His motivations at the time were pretty simple. He loved spending time in the ocean, but the coastal waters of Northern California were just too cold. As he put it, “Without a wetsuit you could only last about an hour on the best of days. Still, your teeth would start to rattle after about 20 minutes.”

On the 60-year anniversary of the company that O’Neill founded on the premise of selling wetsuits, one can only sit back and marvel. The wetsuit was a game-changer for an obscure outdoor pursuit called surfing, and over the next 60 years, surfing became an iconic lifestyle-driven sport with deep cultural influence all over the world.

From a business perspective, Jack O’Neill hit a home run by refining and marketing a “second skin” for cold-water activities, and he eventually became a millionaire many times over. He was helped by the growing popularity of surfing in Northern California, no doubt, but rarely mentioned is the fact that Jack was a marketing genius and a former salesman by trade.

1950’s surf shop.

Moving his surf shop to Cowell’s Beach in Santa Cruz in 1959, Jack’s marketing efforts forced the hand of every would-be NorCal surfer in the 1960s and 1970s. If you wanted to call yourself a “real surfer,” then you pretty much had to own an O’Neill wetsuit.

A master of guerilla marketing before the term was coined; Jack O’Neill helped make Santa Cruz a very exciting place to live in the 1970s. Every Santa Cruz lifer remembers seeing the company logo everywhere during that wild decade.
The flowing lines of a curving wave and an arching surfer represented something dynamic and exciting, and Jack’s marketing techniques did not disappoint. For a generation of children running around on the Boardwalk Beach, O’Neill’s hot air balloon floating over the ocean remains a poignant childhood memory.

Dominating the Santa Cruz market first, and radiating outward from there, the 1970s saw the company making wetsuit booties and the first functional surfboard leash. It was while prototyping this latter technology that Jack lost his eye in a surfing accident near Pleasure Point. This event was simultaneously a great personal loss for Jack, and a marketing jackpot for the company. With his pirate eye-patch and flowing gray beard, Jack made the transition from hardworking entrepreneur to iconic leader of what was becoming one of the most exciting outdoor brands in the world.

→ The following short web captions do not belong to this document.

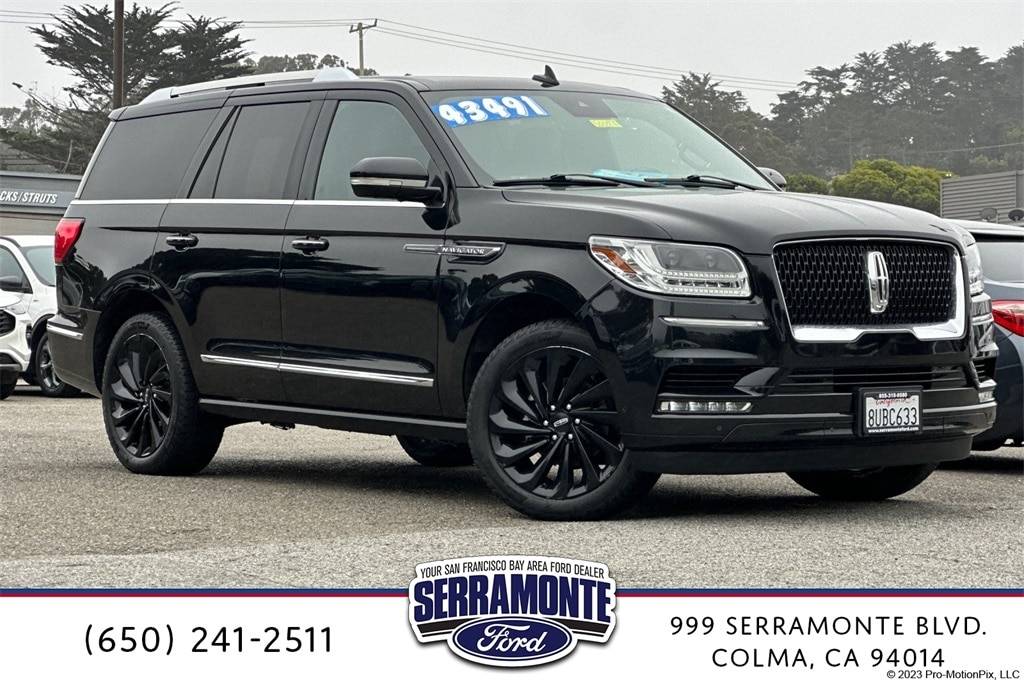 2020 Lincoln Navigator Reserve — SUV — 56,905 mi — Colma, CA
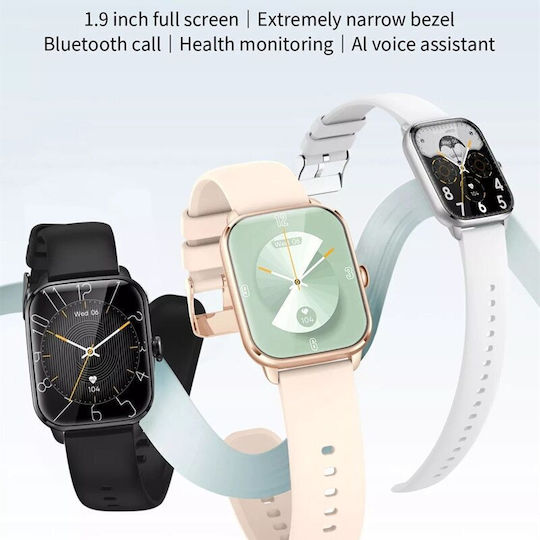 Brățară Fitness Smartwatch Lexus Collection Idealstore Ecran Tactil 3D Apeluri Bluetooth Mesaje Monitorizare Ritm Cardiac Somn Multi-sport Difuzor-microfon Barometru Ip67 Alarmă Android-ios Baterie Lungă Ediția Neagră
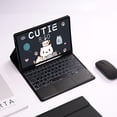 thumbnail image 2 of Case Teclado 11 Pulgadas para Tab Plus Backboard Con BT Dechatable Mouse, 2 of 9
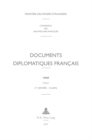 Image for Documents diplomatiques francais: 1949 - Tome I (1er janvier - 30 juin)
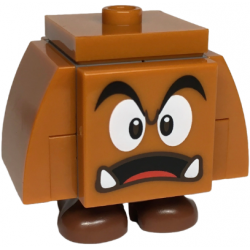 Goomba (2 x 2 Jumper) - Surprised – СУПЕР МАРИО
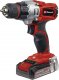 Wiertarko-wkrętarka Einhell TE-CD 18/2 Li +39 18 V 1 x akumulator 2.5 Ah 3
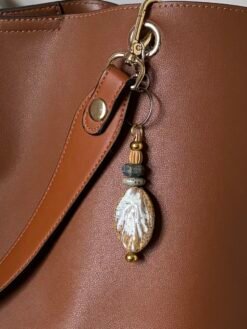 Alternative view of Pottery Bead Keychains | Purse Charm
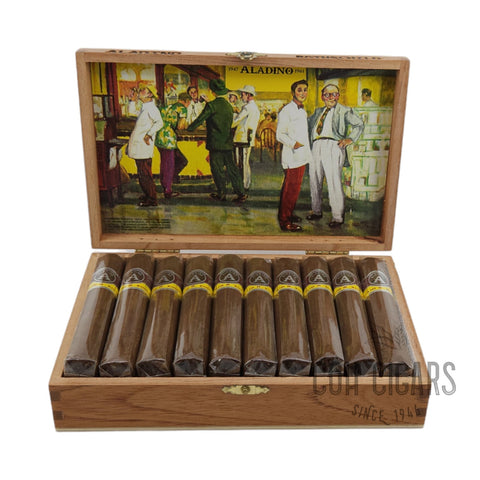 Aladino Cigars | JRE Tobacco Farm Rothschild  | Box 20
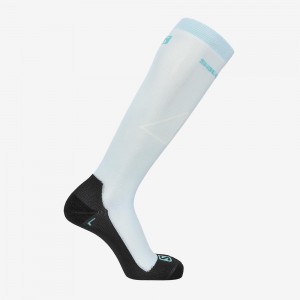 Salomon Qst Socks White | LDCU-60953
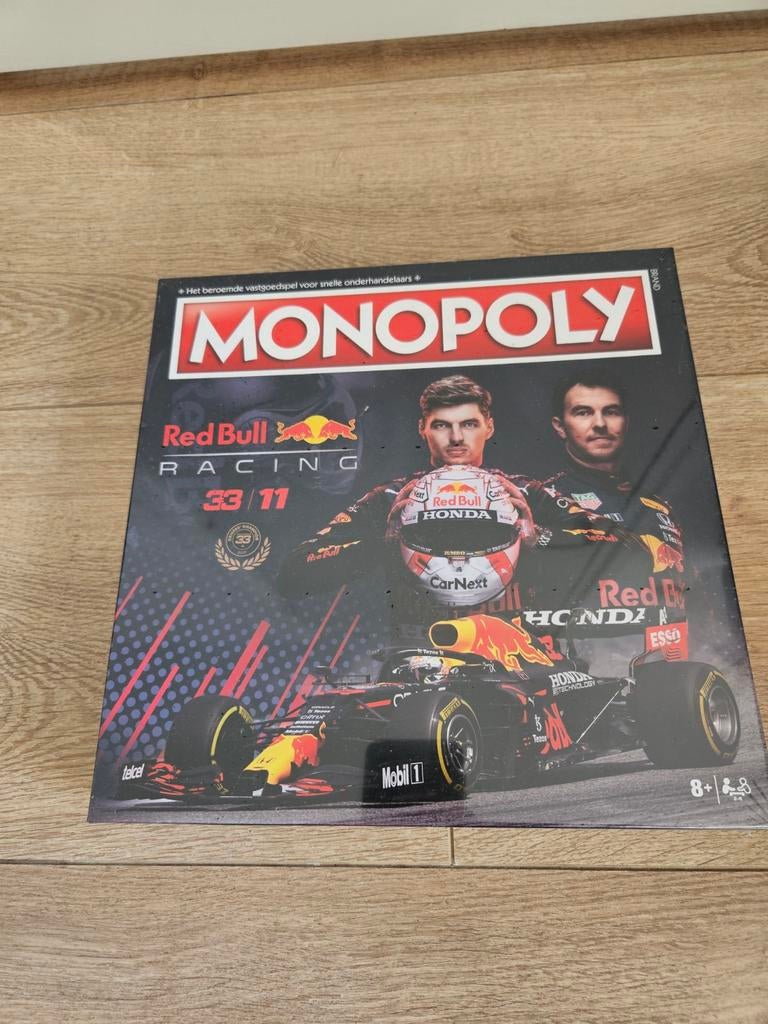 Monopoly RED Bull + Max Verstappen puzzel, Hobby en Vrije tijd, Gezelschapsspellen | Bordspellen, Een of twee spelers, Ophalen of Verzenden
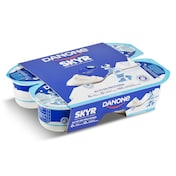 Skyr natural alto en proteínas Danone 4 x 100 g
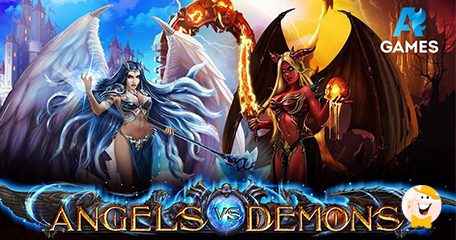 AGames Unleashes Angels vs Demons Slot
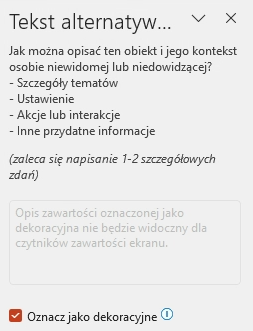 Obraz oznaczony jako dekoracyjny w okienku tekstu alternatywnego.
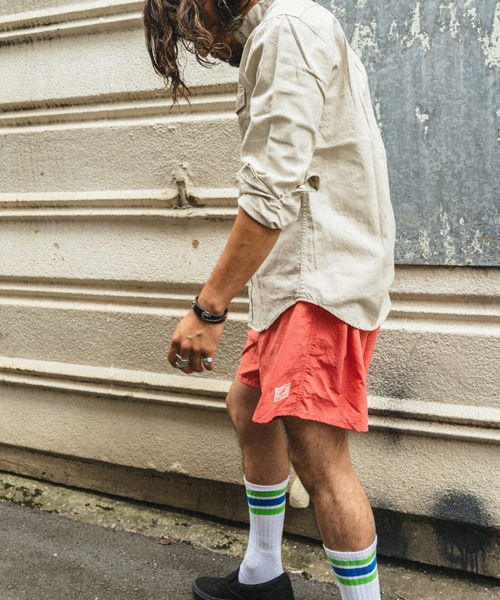 BIG MIKE ビックマイク アクティブナイロンイージーショーツ active nylon shorts / 102327530（その他パンツ）｜BIG MIKE（ビッグマイク）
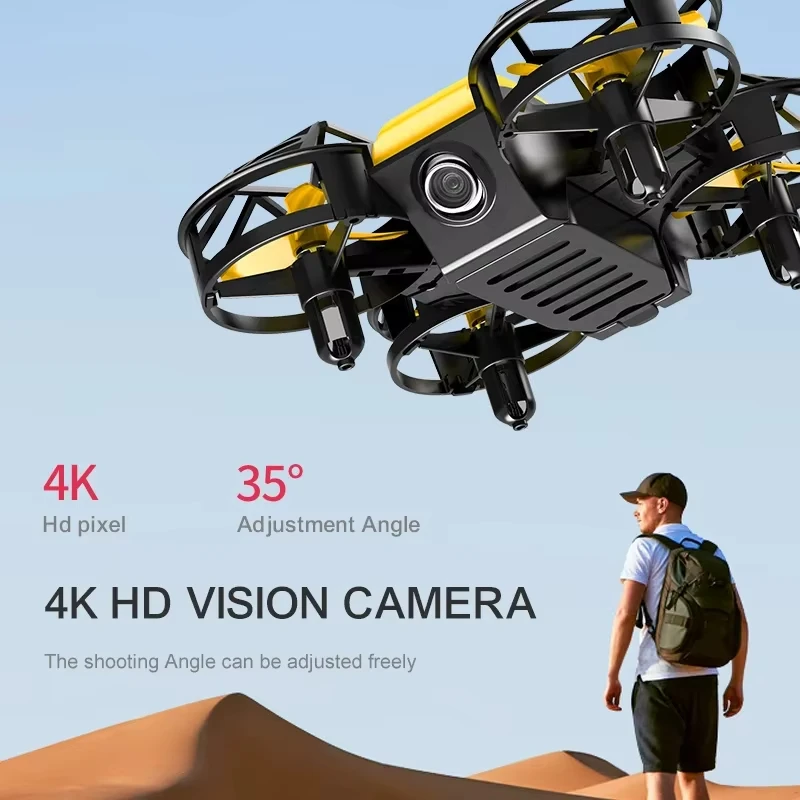 D12 Mini Drone 4k Profession H - Smart Home Camera recensie en prijs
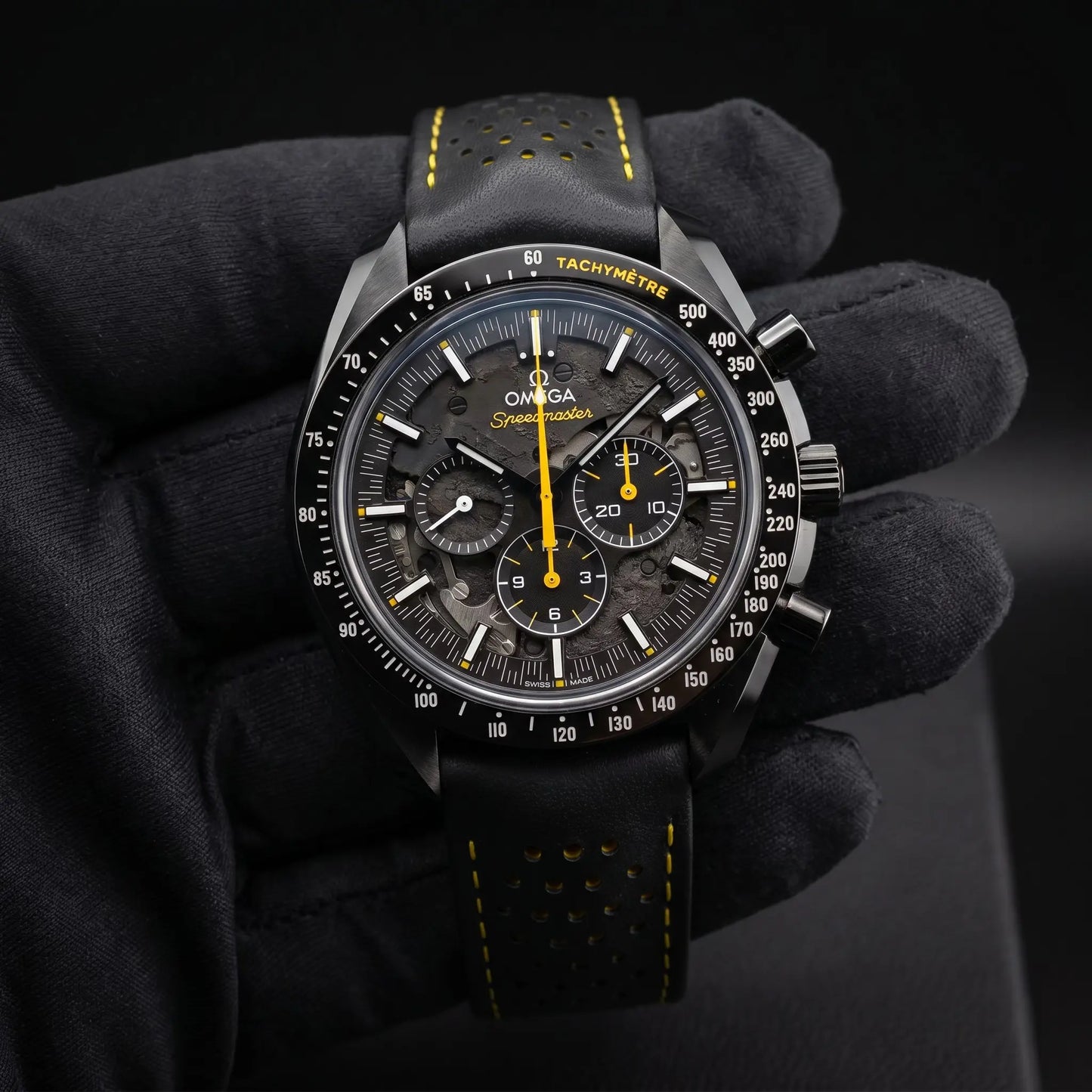 Omega Speedmaster Dark Side of the Moon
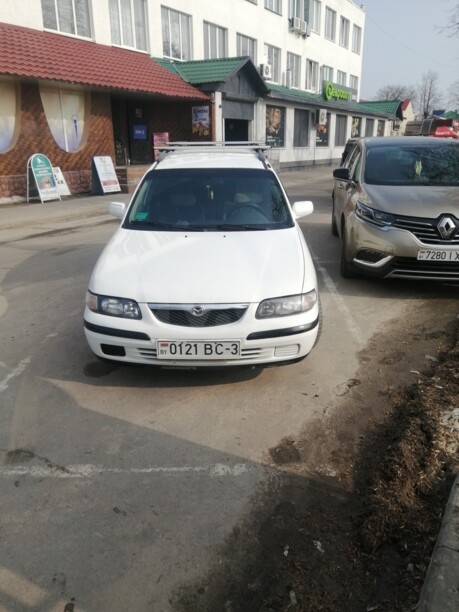 Mazda 626 GF, 1999 г.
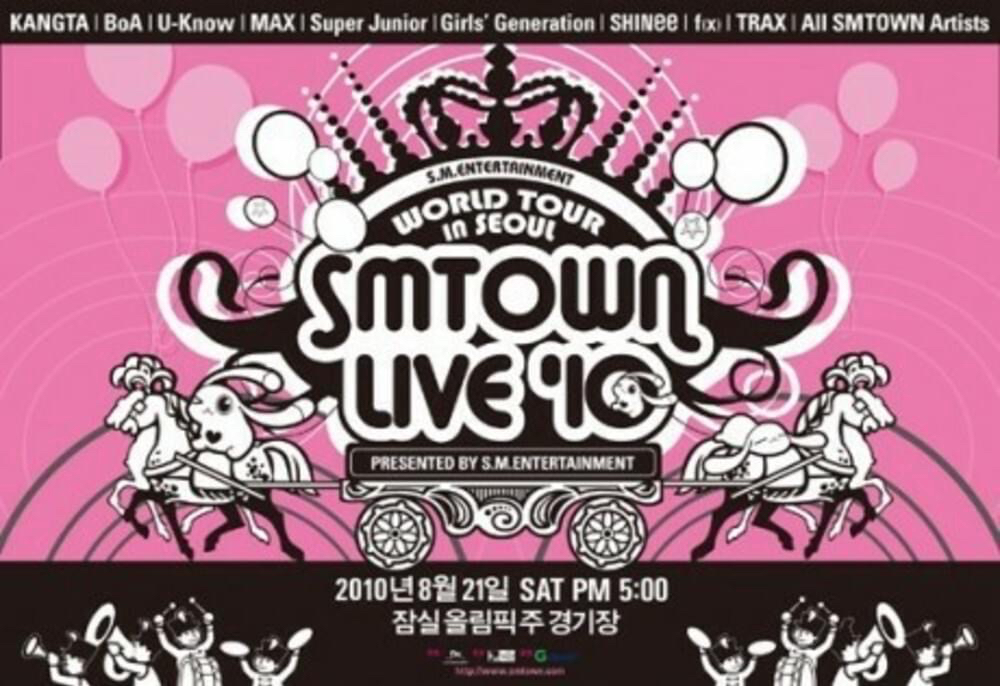 SMTOWN Live '10 World Tour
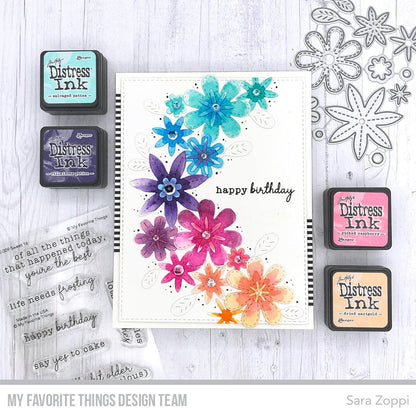 My Favorite Things - DBD Stitched Wildflowers Die-Namics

By 1980, O,Neill’s Surf Shop had become the leader in wetsuit manufacturing, dominating the American, Japanese, Australian, and European markets. With typically impressive foresight, the company also aligned itself with snowboarding in the mid-‘80s, and as a result the credibility of the brand was further enhanced in the coming decades among Jack’s core market of outdoor sports enthusiasts.

Making superior wetsuits remained the key component of the company’s mission, however. As the company’s bottom line soared by expanding into apparel and outdoor lifestyle products, the wetsuit remained the spark that energized everything. In this way, Jack pioneered more than just the wetsuit. As a business pioneer, he was remarkably effective in using a reputation built on technology (the neoprene wetsuit) to open other, more lucrative avenues in apparel.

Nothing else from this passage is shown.